PROBLEM TO SOLVE -
Please restate the records below word for word, leaving out every picture.

THE INPUT -
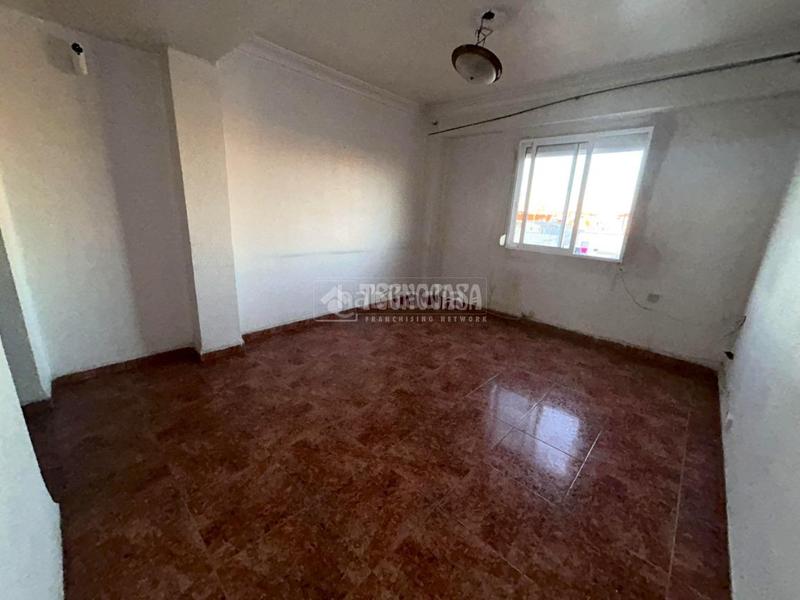 Foto ccae718b-9a99-4bb4-a2c0-dcb148400e05. Pis amb aparcament a Aiora Valencia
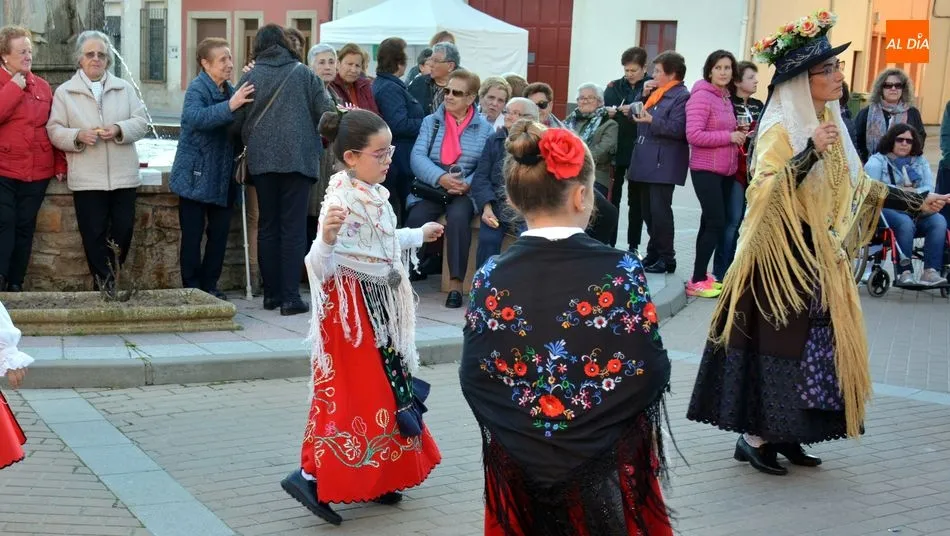 Foto 9 - Los bailes charros protagonizan la tradicional fiesta de Los Barrios en Lumbrales
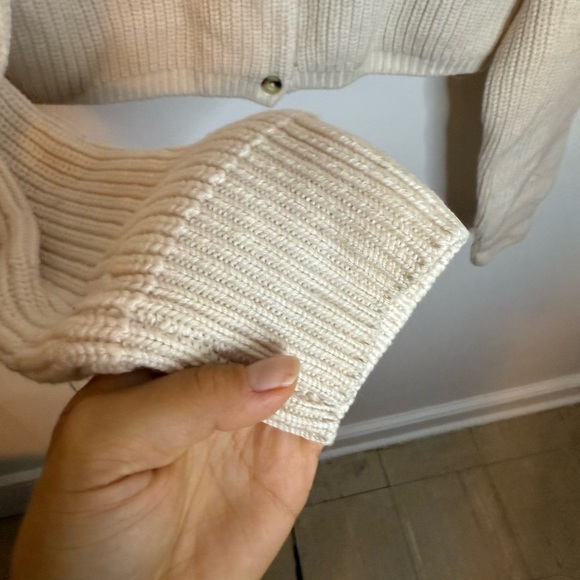 Wilfred Chunky Cream Button Front Merino Wool Boxy Cardigan - Picture 5 of 7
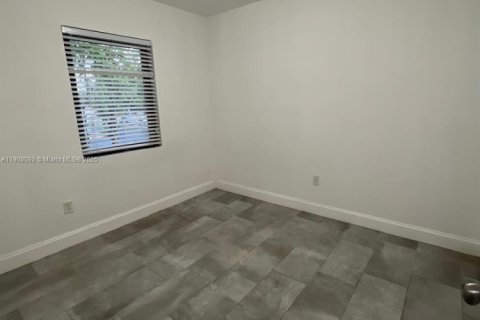 Apartment in Miami, Florida 2 bedrooms, 69.68 sq.m. № 1967765 - photo 2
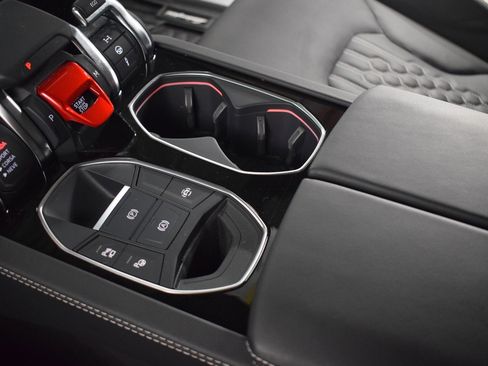 Used 2024 Lamborghini Urus S image 35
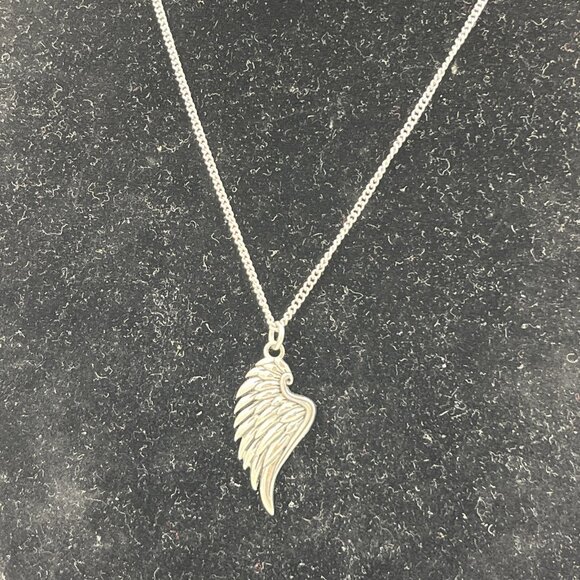 Stainless Steel Angel Wing Necklace Psalm 34:7 Shields of Strength Unisex - Picture 2 of 4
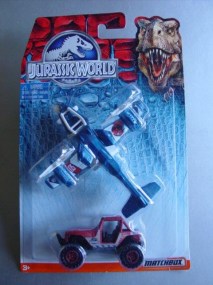 JurassicWorld-TwoPack-DFW18-SkySafariundMBX4x4-20150801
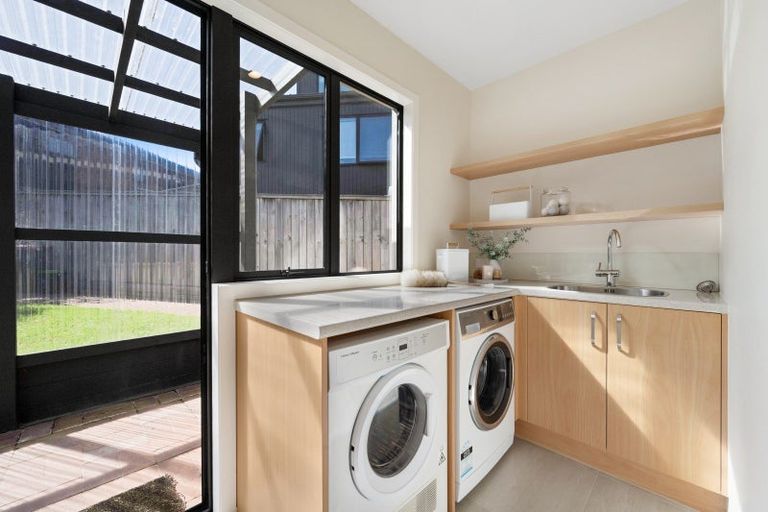 Photo of property in 32c Devon Road, Bucklands Beach, Auckland, 2012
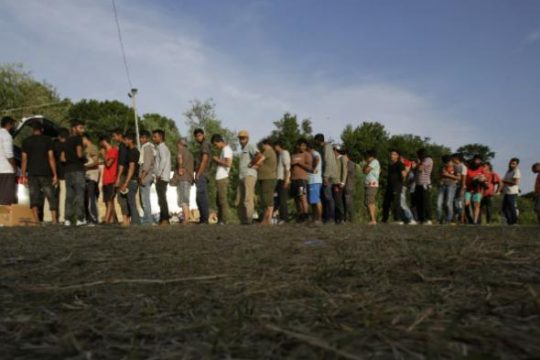 Εκκλήσεις στους παγκόσμιους ηγέτες για χορήγηση εμβολίου σε εκατομμύρια πρόσφυγες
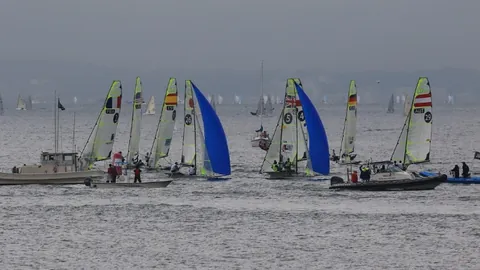 梅西告别迈阿密，孤身乘车背影深沉，少数球迷低声惜别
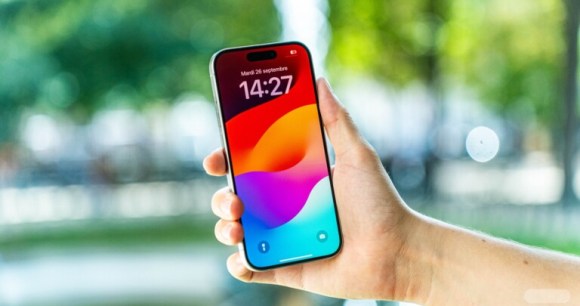 Apple iPhone 15 Pro // Source : Frandroid Apple iPhone 15 Pro // Source : Frandroid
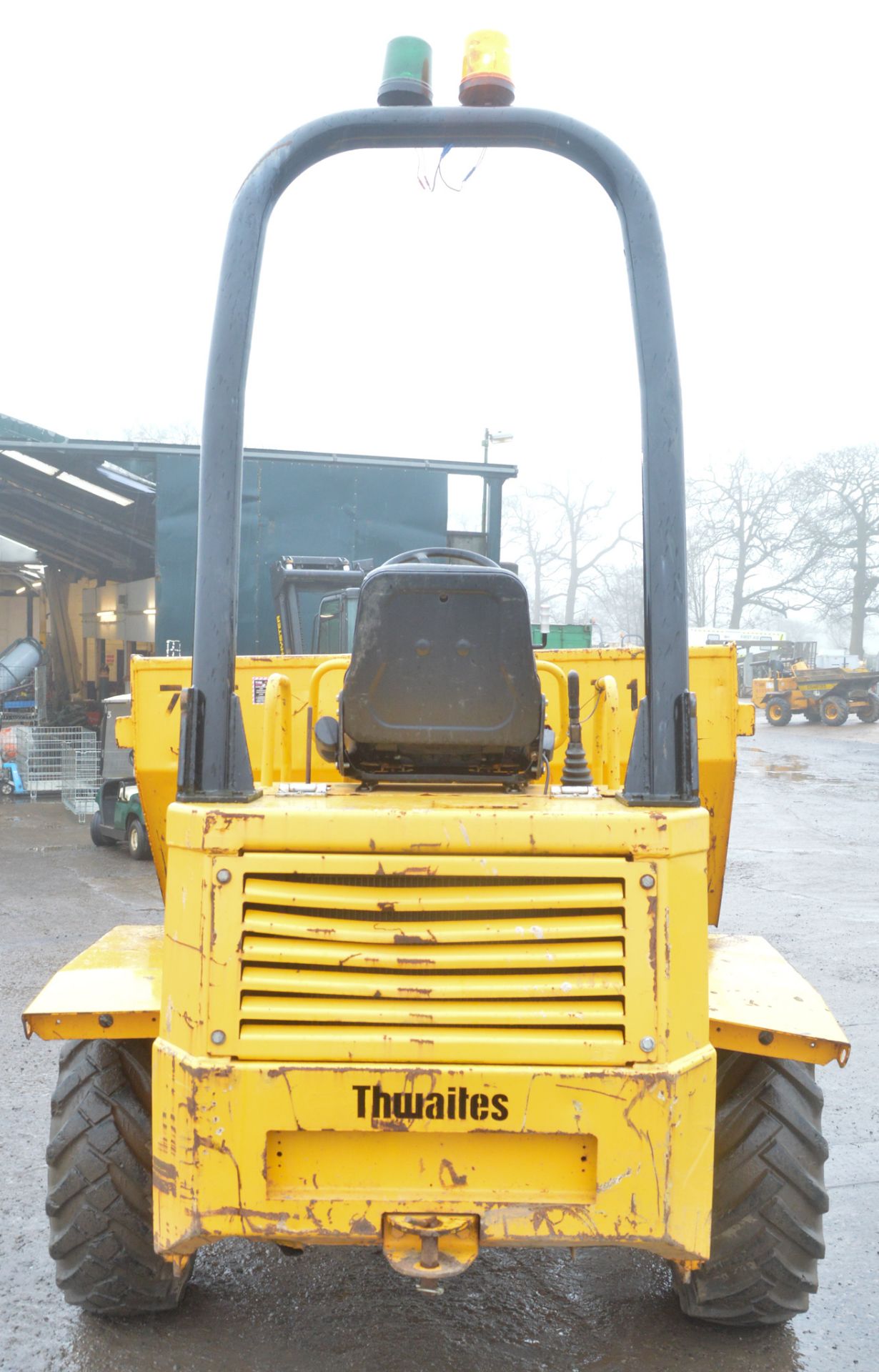 Thwaites 4 tonne straight skip dumper Year: 2004 S/N: 402A5584 Recorded Hours: 2319 715 - Image 6 of 11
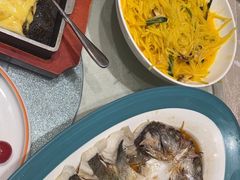 -海派美食·家宴海鲜青岛菜·石锅鲽鱼头(东方城店)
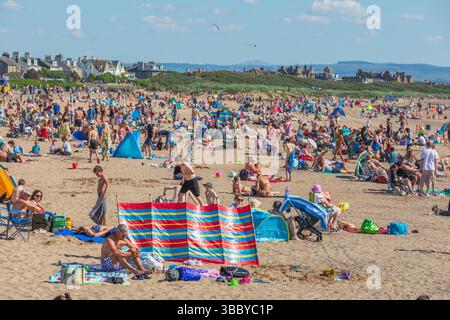Troon, Royaume-Uni. 17 mai 2025. Le temps chaud et ensoleillé avec des températures allant jusqu'à 28C, a attiré des milliers de personnes à South Beach, Troon sur le Firth of Clyde, côte Ayrshire, sud-ouest de l'Écosse, Royaume-Uni . Crédit : Findlay/Alamy Live News Banque D'Images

WRITTEN ANSWER -
 Foto ccae718b-9a99-4bb4-a2c0-dcb148400e05. Pis amb aparcament a Aiora Valencia
 Foto 9 - Los bailes charros protagonizan la tradicional fiesta de Los Barrios en Lumbrales
 Wilfred Chunky Cream Button Front Merino Wool Boxy Cardigan - Picture 5 of 7
 Apartment in Miami, Florida 2 bedrooms, 69.68 sq.m. № 1967765 - photo 2
 Used 2024 Lamborghini Urus S image 35
 Stainless Steel Angel Wing Necklace Psalm 34:7 Shields of Strength Unisex - Picture 2 of 4
 JurassicWorld-TwoPack-DFW18-SkySafariundMBX4x4-20150801
 Photo of property in 32c Devon Road, Bucklands Beach, Auckland, 2012
 Εκκλήσεις στους παγκόσμιους ηγέτες για χορήγηση εμβολίου σε εκατομμύρια πρόσφυγες
 梅西告别迈阿密，孤身乘车背影深沉，少数球迷低声惜别
 Apple iPhone 15 Pro // Source : Frandroid Apple iPhone 15 Pro // Source : Frandroid
 Thwaites 4 tonne straight skip dumper Year: 2004 S/N: 402A5584 Recorded Hours: 2319 715 - Image 6 of 11
 -海派美食·家宴海鲜青岛菜·石锅鲽鱼头(东方城店)
Troon, Royaume-Uni. 17 mai 2025. Le temps chaud et ensoleillé avec des températures allant jusqu'à 28C, a attiré des milliers de personnes à South Beach, Troon sur le Firth of Clyde, côte Ayrshire, sud-ouest de l'Écosse, Royaume-Uni . Crédit : Findlay/Alamy Live News Banque D'Images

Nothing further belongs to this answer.